# TASK STATEMENT
Pictures aside, return all of the records exactly as they stand.

+++ AVAILABLE RECORDS +++

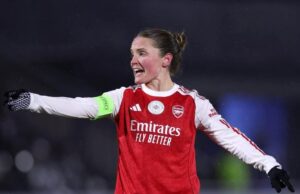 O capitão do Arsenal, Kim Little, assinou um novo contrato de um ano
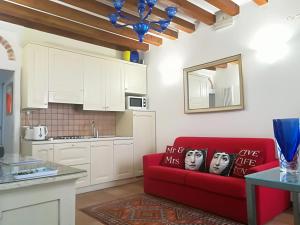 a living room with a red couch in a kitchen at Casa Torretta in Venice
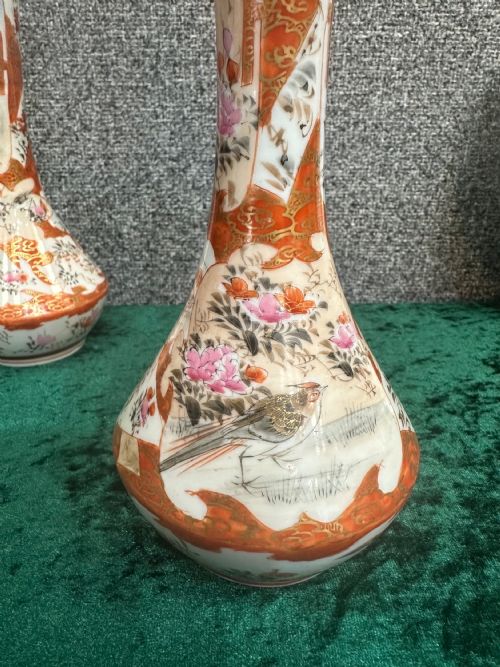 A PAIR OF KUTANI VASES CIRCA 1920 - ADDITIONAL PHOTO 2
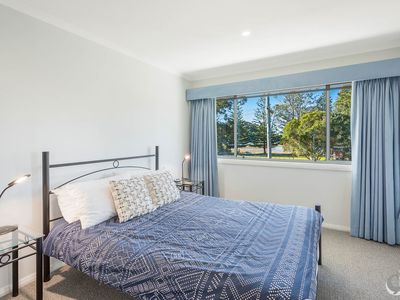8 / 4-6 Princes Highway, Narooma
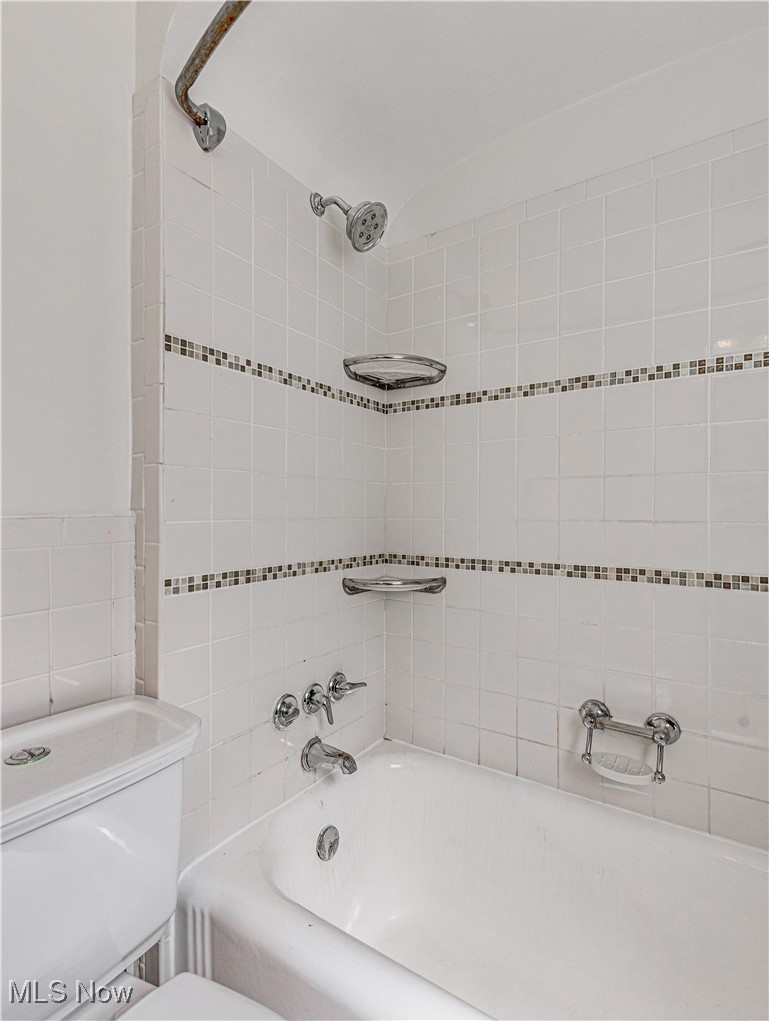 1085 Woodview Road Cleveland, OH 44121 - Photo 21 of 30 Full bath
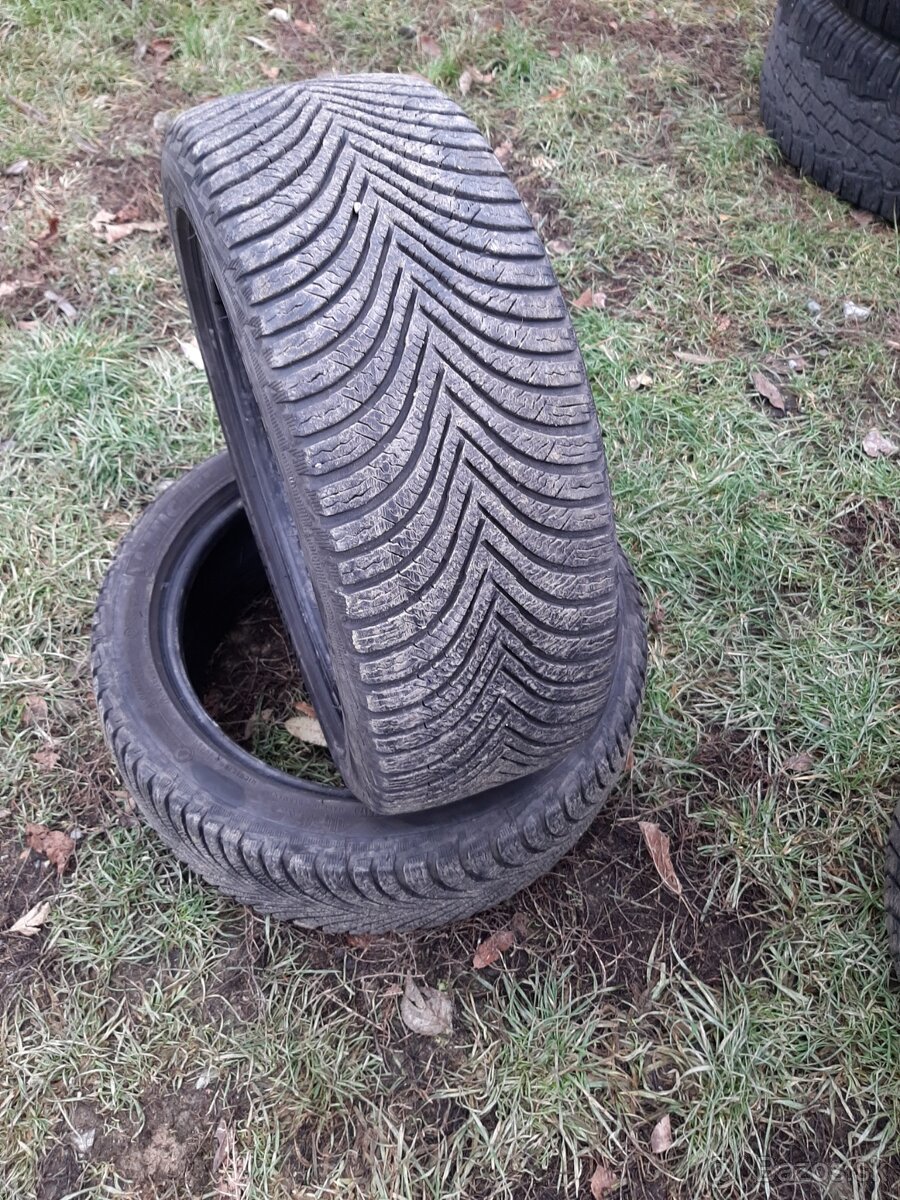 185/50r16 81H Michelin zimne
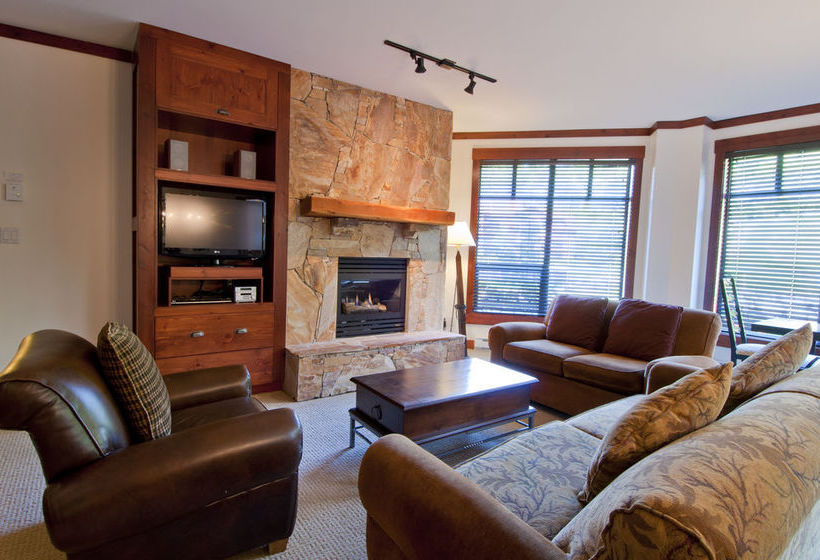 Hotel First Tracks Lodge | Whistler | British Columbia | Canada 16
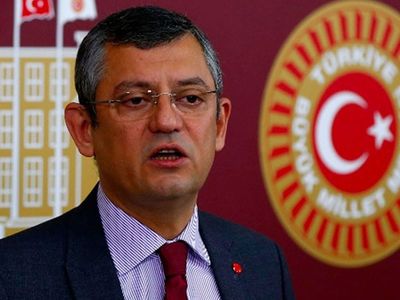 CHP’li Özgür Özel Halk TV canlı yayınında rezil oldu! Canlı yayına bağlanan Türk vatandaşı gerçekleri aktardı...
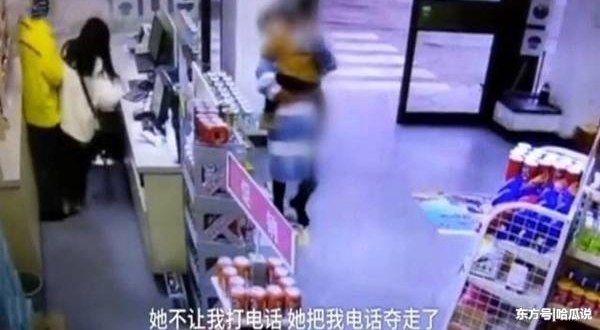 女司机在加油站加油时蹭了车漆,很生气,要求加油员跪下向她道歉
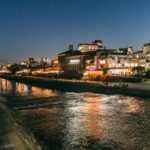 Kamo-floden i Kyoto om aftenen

+++

# RESULT
 O capitão do Arsenal, Kim Little, assinou um novo contrato de um ano
 a living room with a red couch in a kitchen at Casa Torretta in Venice
 A PAIR OF KUTANI VASES CIRCA 1920 - ADDITIONAL PHOTO 2
8 / 4-6 Princes Highway, Narooma
 1085 Woodview Road Cleveland, OH 44121 - Photo 21 of 30 Full bath
 185/50r16 81H Michelin zimne
 Hotel First Tracks Lodge | Whistler | British Columbia | Canada 16
 CHP’li Özgür Özel Halk TV canlı yayınında rezil oldu! Canlı yayına bağlanan Türk vatandaşı gerçekleri aktardı...
 女司机在加油站加油时蹭了车漆,很生气,要求加油员跪下向她道歉
 Kamo-floden i Kyoto om aftenen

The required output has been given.